Wee Sneezawee is an album by American jazz saxophonist Jimmy Lyons recorded in 1983 for the Italian Black Saint label.

Reception

The AllMusic review awarded the album 4 stars. The New York City Jazz Record'''s reviewer wrote that "It's often dense and tense collectivized free jazz, but it's also radically egalitarian, each voice an equal even in the presence of Lyons' soaring virtuosity." The Penguin Guide to Jazz described the album as "the most conventional" of those recorded towards the end of Lyons's career.

Writing for Audiophile Audition, Doug Simpson commented: "Nothing Lyons recorded could be considered mainstream jazz, but over the 42 minutes, Lyons moves as close to a conventional nature as any Lyons record gets.

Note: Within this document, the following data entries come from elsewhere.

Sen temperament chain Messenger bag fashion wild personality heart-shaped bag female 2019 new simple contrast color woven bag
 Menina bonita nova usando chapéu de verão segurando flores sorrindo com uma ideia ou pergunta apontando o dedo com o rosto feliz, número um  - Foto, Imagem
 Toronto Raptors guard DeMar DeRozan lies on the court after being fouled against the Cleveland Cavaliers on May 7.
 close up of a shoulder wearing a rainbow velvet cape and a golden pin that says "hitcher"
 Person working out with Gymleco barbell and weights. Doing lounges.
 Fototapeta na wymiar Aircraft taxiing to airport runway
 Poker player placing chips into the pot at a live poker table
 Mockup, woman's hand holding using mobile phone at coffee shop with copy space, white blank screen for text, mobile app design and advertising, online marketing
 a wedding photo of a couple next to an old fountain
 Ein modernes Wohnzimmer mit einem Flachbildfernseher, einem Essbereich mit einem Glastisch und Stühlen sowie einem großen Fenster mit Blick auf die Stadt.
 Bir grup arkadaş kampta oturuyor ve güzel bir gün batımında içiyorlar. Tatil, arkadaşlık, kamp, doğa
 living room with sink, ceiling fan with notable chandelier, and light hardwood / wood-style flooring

Lyons is the leader, but there is a lot of room and space for the others. Malik shifts from unison lines with Lyons to impactful solo statements and is intense on the opening title track, matching Lyons' enlivened chords and lines. During the course of the program, Borca’s bassoon provides a deeper resonance which complements Parker’s bass, and often is the musical adhesive which grounds the five lengthy Lyons compositions."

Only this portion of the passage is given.